Seles' Claim to No. 1
Former No. 1 women's tennis player Monica Seles came back from a two-year hiatus on Aug. 15. She lost to arch-rival Steffi Graf in the final of the U.S. Open.
Whose team is it, anyway?
It is emblematic of the modern era of high-finance, low-loyalty sports--just because the Browns always have been in Cleveland doesn't mean they always will be. On Nov. 6, Browns owner Art Modell shocked the sports world--and sent thousands of Clevelanders into apoplexy--by announcing he was moving his Browns to Baltimore for the 1996 season. Also: The Raiders moved back to Oakland after 13 years, the Rams skipped to St. Louis and the Oilers announced they were leaving Houston for Tennessee. In hockey, the Nordiques left Quebec, got a new name (the Avalanche) and landed in Denver, and the Jets will leave Winnipeg to play in Phoenix next season.
New Arena, New Name, New Logo
Bullets and Capitals owner Abe Pollin broke ground with D.C. Mayor Marion Barry, right, for the $175 million MCI Arena on Oct. 18. Pollin's teams plan to leave USAir Arena for the Chinatown venue in time for the 1997-98 seasons. Also, the Capitals changed logos and uniforms and Pollin, moved by the Nov. 4 handgun assassination of his friend, Israeli Premier Yitzhak Rabin, vowed to change the Bullets' name when the team moves.
More than just winning a Super Bowl or a World Series, these achievements carried special significance:
The Best Ever?
Atlanta Braves pitcher Greg Maddux made history by winning his fourth consecutive Cy Young Award, establishing him as the most dominating pitcher of this or perhaps any era.

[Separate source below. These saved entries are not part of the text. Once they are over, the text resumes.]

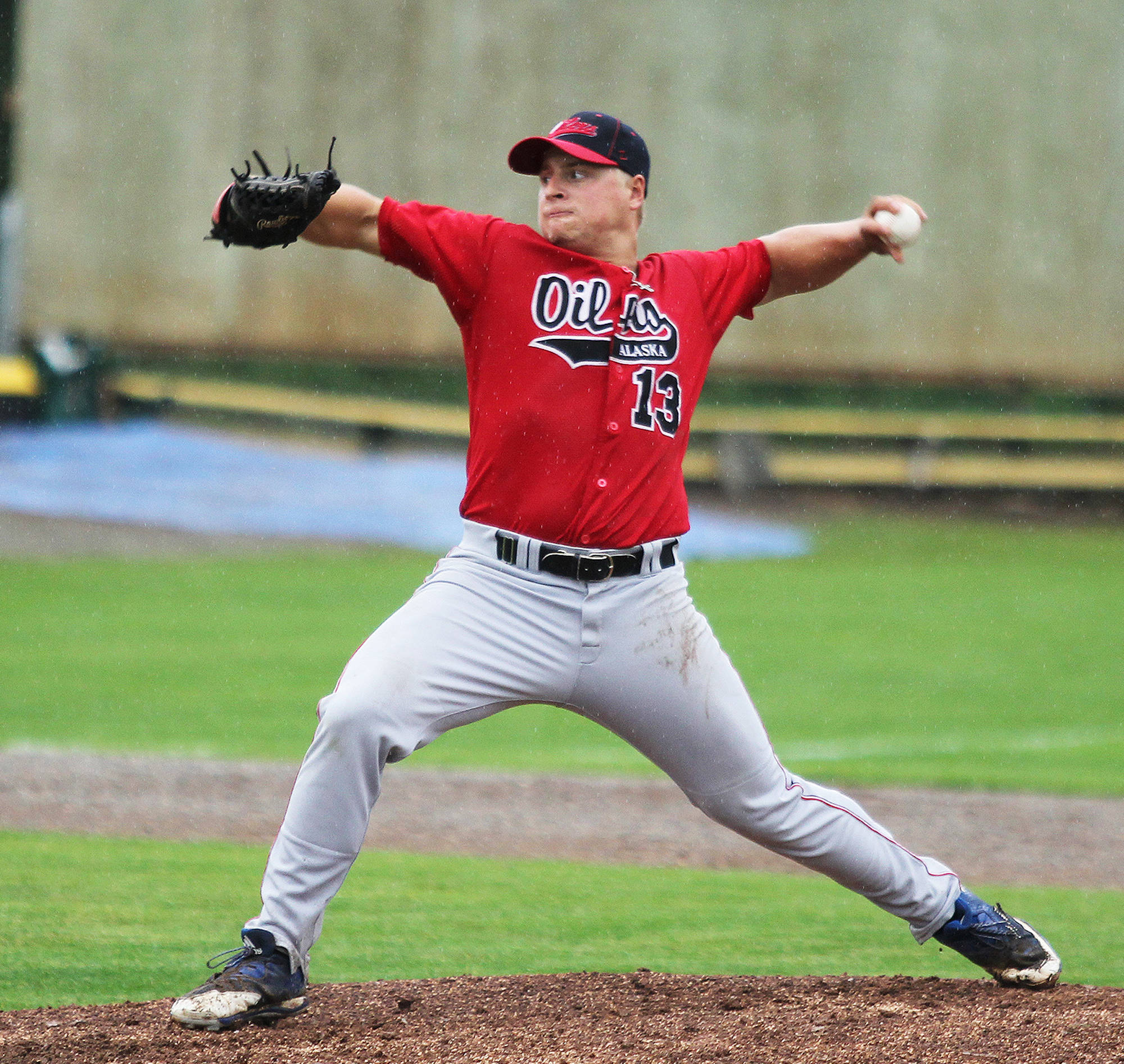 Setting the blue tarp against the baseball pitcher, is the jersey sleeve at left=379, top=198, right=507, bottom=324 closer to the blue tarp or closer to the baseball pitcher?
the baseball pitcher

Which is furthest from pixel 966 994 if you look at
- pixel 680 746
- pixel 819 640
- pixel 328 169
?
pixel 819 640

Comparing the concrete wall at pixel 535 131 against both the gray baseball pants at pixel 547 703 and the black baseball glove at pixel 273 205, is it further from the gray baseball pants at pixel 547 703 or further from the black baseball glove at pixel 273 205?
the gray baseball pants at pixel 547 703

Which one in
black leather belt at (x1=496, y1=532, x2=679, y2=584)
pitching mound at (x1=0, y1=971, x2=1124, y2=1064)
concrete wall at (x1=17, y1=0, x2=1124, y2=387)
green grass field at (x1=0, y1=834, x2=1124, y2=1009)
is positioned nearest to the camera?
pitching mound at (x1=0, y1=971, x2=1124, y2=1064)

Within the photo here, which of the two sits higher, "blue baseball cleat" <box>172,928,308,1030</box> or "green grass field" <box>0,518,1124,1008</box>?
"blue baseball cleat" <box>172,928,308,1030</box>

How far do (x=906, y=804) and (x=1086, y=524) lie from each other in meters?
13.6

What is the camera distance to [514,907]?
17.5 ft

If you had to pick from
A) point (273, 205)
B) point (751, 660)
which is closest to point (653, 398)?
point (273, 205)

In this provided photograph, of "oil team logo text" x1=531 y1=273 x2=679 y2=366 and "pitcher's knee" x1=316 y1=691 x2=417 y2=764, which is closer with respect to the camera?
"pitcher's knee" x1=316 y1=691 x2=417 y2=764

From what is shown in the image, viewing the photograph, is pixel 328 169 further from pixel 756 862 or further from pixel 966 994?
pixel 756 862

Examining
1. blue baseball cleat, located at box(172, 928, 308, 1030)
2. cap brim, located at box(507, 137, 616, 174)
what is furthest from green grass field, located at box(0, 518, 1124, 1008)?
cap brim, located at box(507, 137, 616, 174)

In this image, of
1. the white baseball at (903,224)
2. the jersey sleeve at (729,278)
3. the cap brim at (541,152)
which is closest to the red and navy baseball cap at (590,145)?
the cap brim at (541,152)

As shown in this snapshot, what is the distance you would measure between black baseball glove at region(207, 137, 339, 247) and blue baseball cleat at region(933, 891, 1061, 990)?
7.92 feet

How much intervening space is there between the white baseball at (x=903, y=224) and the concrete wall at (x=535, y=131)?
17.9 m

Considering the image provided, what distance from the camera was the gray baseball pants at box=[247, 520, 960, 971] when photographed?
3578 mm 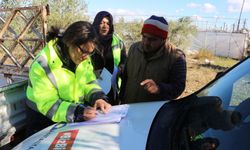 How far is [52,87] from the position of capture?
2.55 m

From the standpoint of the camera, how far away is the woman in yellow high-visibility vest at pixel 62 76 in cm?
252

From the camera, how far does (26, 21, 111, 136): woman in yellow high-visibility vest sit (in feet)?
8.28

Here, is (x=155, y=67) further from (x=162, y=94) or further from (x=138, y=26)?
(x=138, y=26)

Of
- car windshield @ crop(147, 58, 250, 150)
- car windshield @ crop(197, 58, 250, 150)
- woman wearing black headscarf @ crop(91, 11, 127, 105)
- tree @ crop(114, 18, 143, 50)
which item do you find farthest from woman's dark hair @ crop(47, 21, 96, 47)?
tree @ crop(114, 18, 143, 50)

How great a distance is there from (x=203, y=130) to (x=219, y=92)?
56 cm

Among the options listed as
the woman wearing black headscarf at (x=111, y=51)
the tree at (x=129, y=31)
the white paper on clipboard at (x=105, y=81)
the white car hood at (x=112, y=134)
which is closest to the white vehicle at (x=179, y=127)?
the white car hood at (x=112, y=134)

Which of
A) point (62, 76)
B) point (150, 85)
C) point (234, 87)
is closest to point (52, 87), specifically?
point (62, 76)

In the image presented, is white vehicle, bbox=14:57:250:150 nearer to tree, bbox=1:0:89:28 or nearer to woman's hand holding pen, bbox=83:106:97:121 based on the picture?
woman's hand holding pen, bbox=83:106:97:121

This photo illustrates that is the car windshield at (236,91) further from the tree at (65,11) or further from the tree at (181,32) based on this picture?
the tree at (181,32)

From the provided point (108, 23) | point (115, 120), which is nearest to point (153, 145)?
point (115, 120)

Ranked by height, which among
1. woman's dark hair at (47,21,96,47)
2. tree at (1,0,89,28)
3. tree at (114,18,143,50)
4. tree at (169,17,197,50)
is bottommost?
tree at (169,17,197,50)

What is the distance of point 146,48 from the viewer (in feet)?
10.5

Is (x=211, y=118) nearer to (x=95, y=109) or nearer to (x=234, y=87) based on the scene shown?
(x=234, y=87)

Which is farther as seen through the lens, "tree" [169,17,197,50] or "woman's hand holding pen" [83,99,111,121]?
"tree" [169,17,197,50] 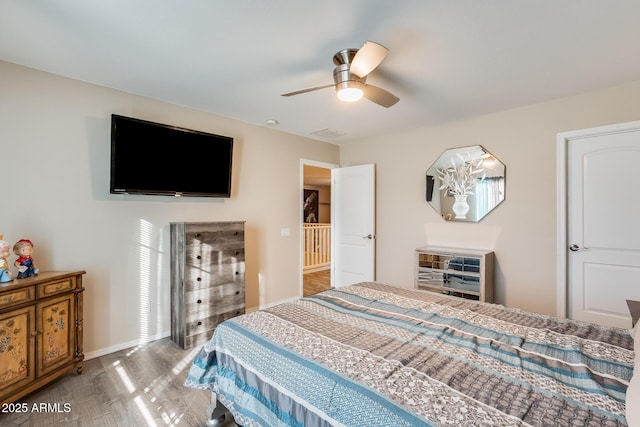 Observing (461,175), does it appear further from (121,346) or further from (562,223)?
(121,346)

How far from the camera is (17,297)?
1983 millimetres

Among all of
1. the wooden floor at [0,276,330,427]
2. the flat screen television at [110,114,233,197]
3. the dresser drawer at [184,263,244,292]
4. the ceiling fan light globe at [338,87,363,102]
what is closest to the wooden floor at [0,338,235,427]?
the wooden floor at [0,276,330,427]

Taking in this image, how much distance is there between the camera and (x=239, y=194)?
374 cm

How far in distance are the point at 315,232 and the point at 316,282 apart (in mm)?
1667

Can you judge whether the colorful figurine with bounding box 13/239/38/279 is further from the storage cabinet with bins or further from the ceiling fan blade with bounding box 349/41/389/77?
the storage cabinet with bins

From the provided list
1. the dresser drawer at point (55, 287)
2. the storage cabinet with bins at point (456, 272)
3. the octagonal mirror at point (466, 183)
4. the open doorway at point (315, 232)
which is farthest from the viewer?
the open doorway at point (315, 232)

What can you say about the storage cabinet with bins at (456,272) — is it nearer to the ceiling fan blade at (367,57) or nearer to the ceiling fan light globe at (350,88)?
the ceiling fan light globe at (350,88)

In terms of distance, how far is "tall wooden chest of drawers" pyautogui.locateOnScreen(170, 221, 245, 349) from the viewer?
114 inches

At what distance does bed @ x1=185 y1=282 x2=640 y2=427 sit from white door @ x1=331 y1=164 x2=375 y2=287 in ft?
8.00

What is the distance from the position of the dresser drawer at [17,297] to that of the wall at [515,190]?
3822 millimetres

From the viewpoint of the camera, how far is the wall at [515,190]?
2926 millimetres


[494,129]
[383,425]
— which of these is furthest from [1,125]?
[494,129]

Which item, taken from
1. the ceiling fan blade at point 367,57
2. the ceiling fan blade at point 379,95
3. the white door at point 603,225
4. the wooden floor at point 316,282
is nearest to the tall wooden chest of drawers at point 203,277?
the wooden floor at point 316,282

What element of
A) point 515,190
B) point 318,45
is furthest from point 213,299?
point 515,190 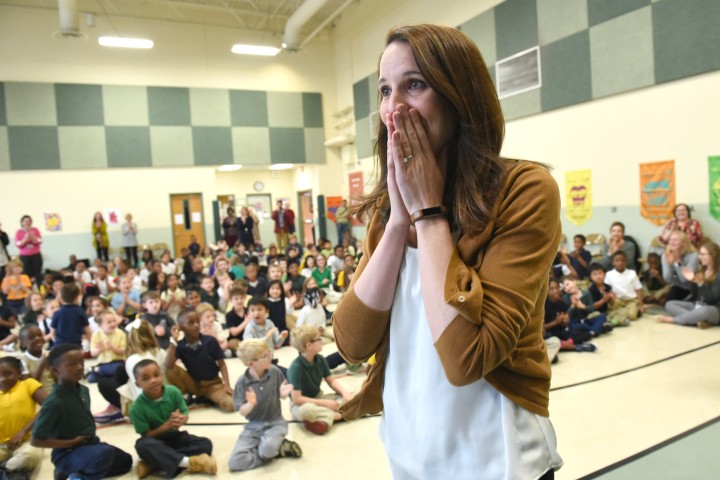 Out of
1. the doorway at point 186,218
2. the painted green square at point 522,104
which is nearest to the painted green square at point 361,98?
the doorway at point 186,218

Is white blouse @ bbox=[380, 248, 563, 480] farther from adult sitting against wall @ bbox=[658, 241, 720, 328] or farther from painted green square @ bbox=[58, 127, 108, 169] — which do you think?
painted green square @ bbox=[58, 127, 108, 169]

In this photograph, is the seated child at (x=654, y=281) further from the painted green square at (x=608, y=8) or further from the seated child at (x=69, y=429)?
the seated child at (x=69, y=429)

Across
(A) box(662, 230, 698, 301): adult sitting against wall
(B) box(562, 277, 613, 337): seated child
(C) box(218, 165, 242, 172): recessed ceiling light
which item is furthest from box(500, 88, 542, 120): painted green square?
(C) box(218, 165, 242, 172): recessed ceiling light

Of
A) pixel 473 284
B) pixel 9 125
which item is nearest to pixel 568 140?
pixel 473 284

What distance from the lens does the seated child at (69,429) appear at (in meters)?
3.26

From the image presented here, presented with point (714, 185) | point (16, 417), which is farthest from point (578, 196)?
point (16, 417)

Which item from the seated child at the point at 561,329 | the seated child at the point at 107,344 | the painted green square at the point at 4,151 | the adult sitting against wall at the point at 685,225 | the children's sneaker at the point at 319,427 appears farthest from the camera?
the painted green square at the point at 4,151

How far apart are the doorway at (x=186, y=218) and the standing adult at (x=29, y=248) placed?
4.00 meters

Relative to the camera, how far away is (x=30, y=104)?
14.0 meters

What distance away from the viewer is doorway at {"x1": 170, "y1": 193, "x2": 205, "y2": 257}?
1573 cm

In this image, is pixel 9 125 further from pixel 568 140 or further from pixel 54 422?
pixel 568 140

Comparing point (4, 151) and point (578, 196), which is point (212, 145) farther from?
point (578, 196)

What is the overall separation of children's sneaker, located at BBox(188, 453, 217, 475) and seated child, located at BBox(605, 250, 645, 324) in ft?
18.6

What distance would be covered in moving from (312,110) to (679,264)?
13665 mm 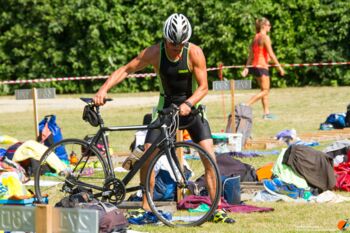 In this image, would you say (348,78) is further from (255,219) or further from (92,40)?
(255,219)

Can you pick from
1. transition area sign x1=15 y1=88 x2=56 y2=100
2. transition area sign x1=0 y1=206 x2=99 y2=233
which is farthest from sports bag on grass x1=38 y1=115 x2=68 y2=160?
transition area sign x1=0 y1=206 x2=99 y2=233

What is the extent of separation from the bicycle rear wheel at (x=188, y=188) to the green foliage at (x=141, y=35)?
18.6 metres

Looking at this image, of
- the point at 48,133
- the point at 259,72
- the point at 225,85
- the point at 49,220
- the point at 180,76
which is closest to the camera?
the point at 49,220

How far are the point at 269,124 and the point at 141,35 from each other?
35.7 ft

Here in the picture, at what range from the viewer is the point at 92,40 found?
96.4ft

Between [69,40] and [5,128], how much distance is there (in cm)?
1064

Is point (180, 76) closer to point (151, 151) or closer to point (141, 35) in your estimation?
point (151, 151)

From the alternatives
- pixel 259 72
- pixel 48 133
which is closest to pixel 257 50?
pixel 259 72

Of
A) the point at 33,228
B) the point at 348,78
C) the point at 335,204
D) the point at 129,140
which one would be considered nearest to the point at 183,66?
the point at 335,204

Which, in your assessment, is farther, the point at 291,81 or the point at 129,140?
the point at 291,81

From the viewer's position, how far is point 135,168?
9.51 metres

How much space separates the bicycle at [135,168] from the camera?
366 inches

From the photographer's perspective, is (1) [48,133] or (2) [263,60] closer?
(1) [48,133]

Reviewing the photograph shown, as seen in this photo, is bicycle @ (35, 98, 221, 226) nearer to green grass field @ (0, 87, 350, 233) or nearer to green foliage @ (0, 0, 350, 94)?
green grass field @ (0, 87, 350, 233)
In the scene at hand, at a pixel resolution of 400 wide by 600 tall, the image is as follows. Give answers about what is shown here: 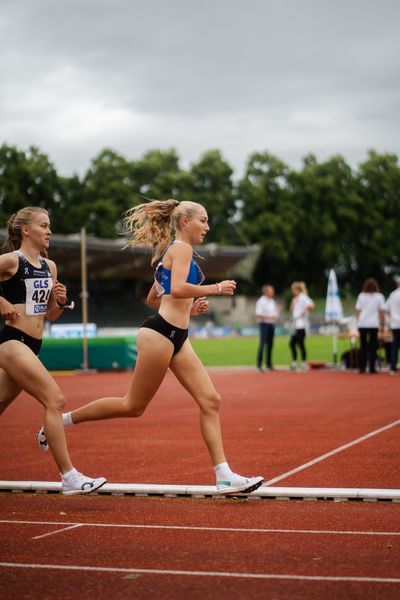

Young Exorcises Ghost of Quarterback Past
San Francisco quarterback Steve Young finally, forcefully stepped from the long shadow of 49ers legend Joe Montana while leading a 49-26 Super Bowl rout of San Diego. Young threw six touchdown passes, eclipsing Montana's Super Bowl record of five. Three months later, Montana removed himself from the picture, retiring after a 16-year career.
Here are some of the year's best examples of bad behavior:
ALBERT BELLE: The Cleveland Indians slugger was fined $100 for reckless operation of a motor vehicle after trying to run down teenagers who pelted his house with eggs on Halloween after Belle refused to pass out treats.
BEN WRIGHT: The CBS golf announcer reportedly said in an interview that "lesbians in the sport hurt women's golf." He also said: "Women are handicapped by having boobs. It's not easy for them to keep their left arms straight."
TIE DOMI: The Toronto Maple Leafs hockey player sucker-punched the Rangers' Ulf Samuelsson, causing him to crack the back of his head on the ice, resulting in a concussion and seven stitches.